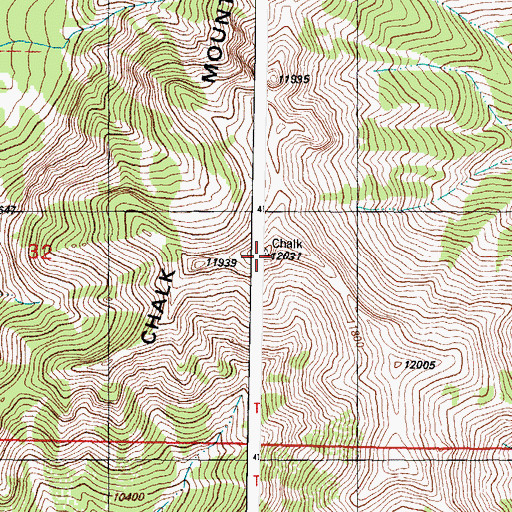 Topographic Map of Chalk Mountains, CO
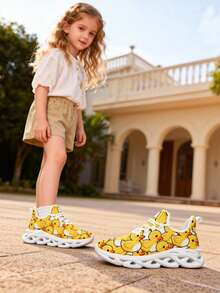 Kids' Cute Cartoon Duck Print Casual Sneakers, Lightweight & Comfortable - White - View 4
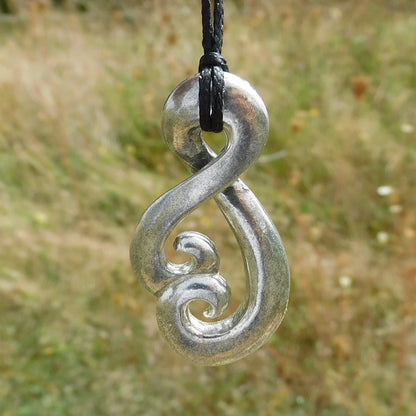 Infinity Loop Pendant Necklace (Open Twist Design), Handcast Pewter Pendant on Adjustable Waxed Cord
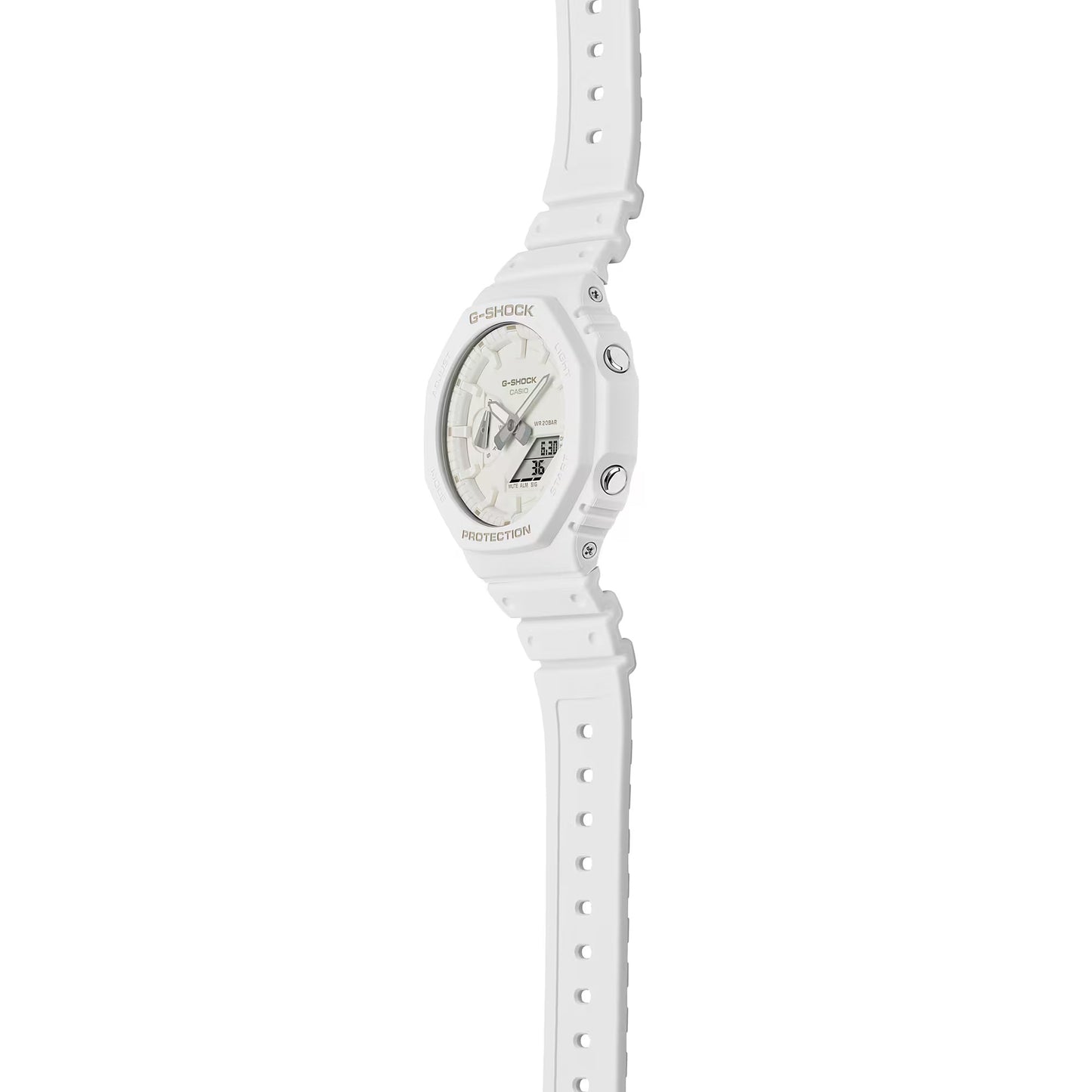 Men's Casio Tone-on-Tone G-SHOCK Analog/Digital Display Watch in White (Model GA2100-7A7)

What the exercise asks |
Repeat the material verbatim. Do not carry over any picture.

Output of the exercise |
 Topographic Map of Chalk Mountains, CO
 Kids' Cute Cartoon Duck Print Casual Sneakers, Lightweight & Comfortable - White - View 4
 Infinity Loop Pendant Necklace (Open Twist Design), Handcast Pewter Pendant on Adjustable Waxed Cord
 Men's Casio Tone-on-Tone G-SHOCK Analog/Digital Display Watch in White (Model GA2100-7A7)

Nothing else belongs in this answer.